Your task >> Line by line, copy all of the data exactly.

(Input)

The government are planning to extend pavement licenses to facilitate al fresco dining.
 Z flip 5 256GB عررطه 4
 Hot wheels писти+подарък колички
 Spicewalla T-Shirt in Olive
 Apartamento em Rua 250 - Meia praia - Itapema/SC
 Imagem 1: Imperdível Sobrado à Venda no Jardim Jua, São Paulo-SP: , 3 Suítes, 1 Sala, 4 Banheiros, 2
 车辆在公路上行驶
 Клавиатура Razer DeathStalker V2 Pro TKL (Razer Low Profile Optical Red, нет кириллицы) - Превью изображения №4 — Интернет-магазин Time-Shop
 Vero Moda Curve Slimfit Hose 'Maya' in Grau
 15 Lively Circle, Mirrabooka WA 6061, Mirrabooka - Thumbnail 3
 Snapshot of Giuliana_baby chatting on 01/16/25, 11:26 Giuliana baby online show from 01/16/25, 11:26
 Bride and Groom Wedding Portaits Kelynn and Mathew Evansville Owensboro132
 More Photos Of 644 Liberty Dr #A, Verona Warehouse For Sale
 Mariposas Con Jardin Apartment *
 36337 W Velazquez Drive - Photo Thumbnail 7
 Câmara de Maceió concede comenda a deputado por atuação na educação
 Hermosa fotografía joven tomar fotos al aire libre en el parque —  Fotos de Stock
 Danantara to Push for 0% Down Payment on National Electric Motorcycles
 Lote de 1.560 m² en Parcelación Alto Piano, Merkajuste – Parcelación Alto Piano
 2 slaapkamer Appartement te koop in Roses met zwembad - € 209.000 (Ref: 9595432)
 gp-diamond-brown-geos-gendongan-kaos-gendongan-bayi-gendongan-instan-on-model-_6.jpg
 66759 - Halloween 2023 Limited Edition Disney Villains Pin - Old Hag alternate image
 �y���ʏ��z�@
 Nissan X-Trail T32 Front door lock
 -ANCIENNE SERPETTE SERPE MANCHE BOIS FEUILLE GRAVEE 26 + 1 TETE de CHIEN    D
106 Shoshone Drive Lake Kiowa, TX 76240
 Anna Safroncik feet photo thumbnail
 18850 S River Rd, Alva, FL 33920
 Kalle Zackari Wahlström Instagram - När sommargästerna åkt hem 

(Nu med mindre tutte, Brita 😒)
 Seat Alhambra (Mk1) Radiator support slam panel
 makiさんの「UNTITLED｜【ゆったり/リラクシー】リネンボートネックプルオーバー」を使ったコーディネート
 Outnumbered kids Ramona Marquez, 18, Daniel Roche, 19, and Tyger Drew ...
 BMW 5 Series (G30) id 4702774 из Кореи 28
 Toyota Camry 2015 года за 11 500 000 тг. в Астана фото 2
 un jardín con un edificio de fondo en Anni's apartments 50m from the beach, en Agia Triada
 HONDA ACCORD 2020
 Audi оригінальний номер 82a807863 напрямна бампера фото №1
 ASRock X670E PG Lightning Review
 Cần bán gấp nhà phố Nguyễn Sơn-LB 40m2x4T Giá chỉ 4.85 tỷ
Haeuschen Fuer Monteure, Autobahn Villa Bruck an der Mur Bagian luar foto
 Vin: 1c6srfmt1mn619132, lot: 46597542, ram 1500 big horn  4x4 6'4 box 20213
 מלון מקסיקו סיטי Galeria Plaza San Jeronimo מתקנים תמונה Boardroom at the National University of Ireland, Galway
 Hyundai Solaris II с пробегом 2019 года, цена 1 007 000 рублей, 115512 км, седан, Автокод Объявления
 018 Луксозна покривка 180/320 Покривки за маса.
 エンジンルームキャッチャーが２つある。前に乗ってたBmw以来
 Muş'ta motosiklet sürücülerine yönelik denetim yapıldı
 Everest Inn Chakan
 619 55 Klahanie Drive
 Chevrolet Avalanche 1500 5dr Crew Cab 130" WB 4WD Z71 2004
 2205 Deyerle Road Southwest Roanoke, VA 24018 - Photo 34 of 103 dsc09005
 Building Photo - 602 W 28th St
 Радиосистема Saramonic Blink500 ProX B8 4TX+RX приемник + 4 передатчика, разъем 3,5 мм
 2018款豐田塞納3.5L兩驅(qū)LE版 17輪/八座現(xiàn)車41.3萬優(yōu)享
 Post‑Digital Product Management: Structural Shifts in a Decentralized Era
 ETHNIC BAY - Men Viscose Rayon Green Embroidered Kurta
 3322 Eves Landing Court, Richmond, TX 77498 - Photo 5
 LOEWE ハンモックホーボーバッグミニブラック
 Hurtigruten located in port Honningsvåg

(End Input)

Answer for the task >>
The government are planning to extend pavement licenses to facilitate al fresco dining.
 Z flip 5 256GB عررطه 4
 Hot wheels писти+подарък колички
 Spicewalla T-Shirt in Olive
 Apartamento em Rua 250 - Meia praia - Itapema/SC
 Imagem 1: Imperdível Sobrado à Venda no Jardim Jua, São Paulo-SP: , 3 Suítes, 1 Sala, 4 Banheiros, 2
 车辆在公路上行驶
 Клавиатура Razer DeathStalker V2 Pro TKL (Razer Low Profile Optical Red, нет кириллицы) - Превью изображения №4 — Интернет-магазин Time-Shop
 Vero Moda Curve Slimfit Hose 'Maya' in Grau
 15 Lively Circle, Mirrabooka WA 6061, Mirrabooka - Thumbnail 3
 Snapshot of Giuliana_baby chatting on 01/16/25, 11:26 Giuliana baby online show from 01/16/25, 11:26
 Bride and Groom Wedding Portaits Kelynn and Mathew Evansville Owensboro132
 More Photos Of 644 Liberty Dr #A, Verona Warehouse For Sale
 Mariposas Con Jardin Apartment *
 36337 W Velazquez Drive - Photo Thumbnail 7
 Câmara de Maceió concede comenda a deputado por atuação na educação
 Hermosa fotografía joven tomar fotos al aire libre en el parque —  Fotos de Stock
 Danantara to Push for 0% Down Payment on National Electric Motorcycles
 Lote de 1.560 m² en Parcelación Alto Piano, Merkajuste – Parcelación Alto Piano
 2 slaapkamer Appartement te koop in Roses met zwembad - € 209.000 (Ref: 9595432)
 gp-diamond-brown-geos-gendongan-kaos-gendongan-bayi-gendongan-instan-on-model-_6.jpg
 66759 - Halloween 2023 Limited Edition Disney Villains Pin - Old Hag alternate image
 �y���ʏ��z�@
 Nissan X-Trail T32 Front door lock
 -ANCIENNE SERPETTE SERPE MANCHE BOIS FEUILLE GRAVEE 26 + 1 TETE de CHIEN    D
106 Shoshone Drive Lake Kiowa, TX 76240
 Anna Safroncik feet photo thumbnail
 18850 S River Rd, Alva, FL 33920
 Kalle Zackari Wahlström Instagram - När sommargästerna åkt hem 

(Nu med mindre tutte, Brita 😒)
 Seat Alhambra (Mk1) Radiator support slam panel
 makiさんの「UNTITLED｜【ゆったり/リラクシー】リネンボートネックプルオーバー」を使ったコーディネート
 Outnumbered kids Ramona Marquez, 18, Daniel Roche, 19, and Tyger Drew ...
 BMW 5 Series (G30) id 4702774 из Кореи 28
 Toyota Camry 2015 года за 11 500 000 тг. в Астана фото 2
 un jardín con un edificio de fondo en Anni's apartments 50m from the beach, en Agia Triada
 HONDA ACCORD 2020
 Audi оригінальний номер 82a807863 напрямна бампера фото №1
 ASRock X670E PG Lightning Review
 Cần bán gấp nhà phố Nguyễn Sơn-LB 40m2x4T Giá chỉ 4.85 tỷ
Haeuschen Fuer Monteure, Autobahn Villa Bruck an der Mur Bagian luar foto
 Vin: 1c6srfmt1mn619132, lot: 46597542, ram 1500 big horn  4x4 6'4 box 20213
 מלון מקסיקו סיטי Galeria Plaza San Jeronimo מתקנים תמונה Boardroom at the National University of Ireland, Galway
 Hyundai Solaris II с пробегом 2019 года, цена 1 007 000 рублей, 115512 км, седан, Автокод Объявления
 018 Луксозна покривка 180/320 Покривки за маса.
 エンジンルームキャッチャーが２つある。前に乗ってたBmw以来
 Muş'ta motosiklet sürücülerine yönelik denetim yapıldı
 Everest Inn Chakan
 619 55 Klahanie Drive
 Chevrolet Avalanche 1500 5dr Crew Cab 130" WB 4WD Z71 2004
 2205 Deyerle Road Southwest Roanoke, VA 24018 - Photo 34 of 103 dsc09005
 Building Photo - 602 W 28th St
 Радиосистема Saramonic Blink500 ProX B8 4TX+RX приемник + 4 передатчика, разъем 3,5 мм
 2018款豐田塞納3.5L兩驅(qū)LE版 17輪/八座現(xiàn)車41.3萬優(yōu)享
 Post‑Digital Product Management: Structural Shifts in a Decentralized Era
 ETHNIC BAY - Men Viscose Rayon Green Embroidered Kurta
 3322 Eves Landing Court, Richmond, TX 77498 - Photo 5
 LOEWE ハンモックホーボーバッグミニブラック
 Hurtigruten located in port Honningsvåg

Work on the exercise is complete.